Discovering anything that might identify one of the thousands of people still listed as missing can boost the morale of search crews, said Deputy Police Inspector James Luongo, who is in charge of the ghastly work.
PHOTO: AP
"You may not be able to help the dead, but you can help the living," he said.
Unlike the well-publicized recovery operation in Manhattan, the city's other ground zero is on a desolate, wind-swept plateau of household waste on Staten Island. Fresh Kills, one of the world's largest dumps before it closed last year, was reopened last month as arguably the world's largest crime lab. There are 800 people at work here, looking for human remains and potential clues.
The landfill has yielded a grim harvest of body parts and personal belongings. The work here is expected to take months.
At the feet of Linda Klepinger, a volunteer anthropologist from the University of Illinois, sits a bucket labeled "ANIMAL BONES." She uses a toothbrush to scrub the bone fragment found one recent day, deciding it might be part of wrist instead of a chicken bone from a restaurant meal.
"When you're working, you're OK," she said of her task. "It's later you have to worry."
As Detective Darryl Hayes put it: "If you're a human being, you're going to feel some emotion. But you suck it up and deal with it."
The search effort once relied solely on workers armed with rakes and pitchforks, crews that had to fight turf wars with seagulls. But over the past five weeks, an assembly line has emerged.
Barges deliver the debris -- 273,000 tonnes of it so far -- and huge dump trucks haul it to the 52-hectare search site. Cranes separate steel beams and other heavy wreckage: flattened fire trucks and police cruisers, an engine of one of the doomed jetliners, an elevator motor the size of a washing machine.
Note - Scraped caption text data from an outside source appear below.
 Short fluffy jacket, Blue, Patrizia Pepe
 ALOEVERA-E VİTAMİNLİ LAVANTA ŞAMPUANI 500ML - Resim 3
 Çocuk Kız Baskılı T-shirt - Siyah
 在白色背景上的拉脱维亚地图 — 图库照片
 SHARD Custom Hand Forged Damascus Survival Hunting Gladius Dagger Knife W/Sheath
The rest ends up in mechanical sifters and conveyer belts, or spread on the ground so detectives and federal agents in protective gear can examine it.
The seagulls have been scared off by firecracker-firing guns. But the debris still brings with it the acrid smell familiar at ground zero.
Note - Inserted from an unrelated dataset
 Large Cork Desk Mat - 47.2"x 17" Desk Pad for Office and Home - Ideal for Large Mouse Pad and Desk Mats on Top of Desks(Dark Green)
The stench "sticks in your throat," said one detective, Tony Rivera. "It's hot out there. It smells. But you want to do the work."
One recent day, search crews found an ace of diamonds playing card, a doorknob, a pair of security guard pants, a woman's black wig and a pink toothbrush.
Personal effects are catalogued in hopes they can be returned to families of the victims. But investigators fear that many items, including flight recorders from the two jetliners, were destroyed.
The search crews wear mandatory jump suits, goggles, gas masks and earplugs, making the work feel like "something out of the X-Files," Hayes said.
He once discovered a severed hand. But most of the 2,000 body parts found to date are smaller and less obvious. There have been arm and leg bones, pieces of ribs and shoes. Lots of shoes.
Also found: driver's licenses, credit cards, wallets and, in one case, a box of wedding invitations, sealed, addressed and never sent.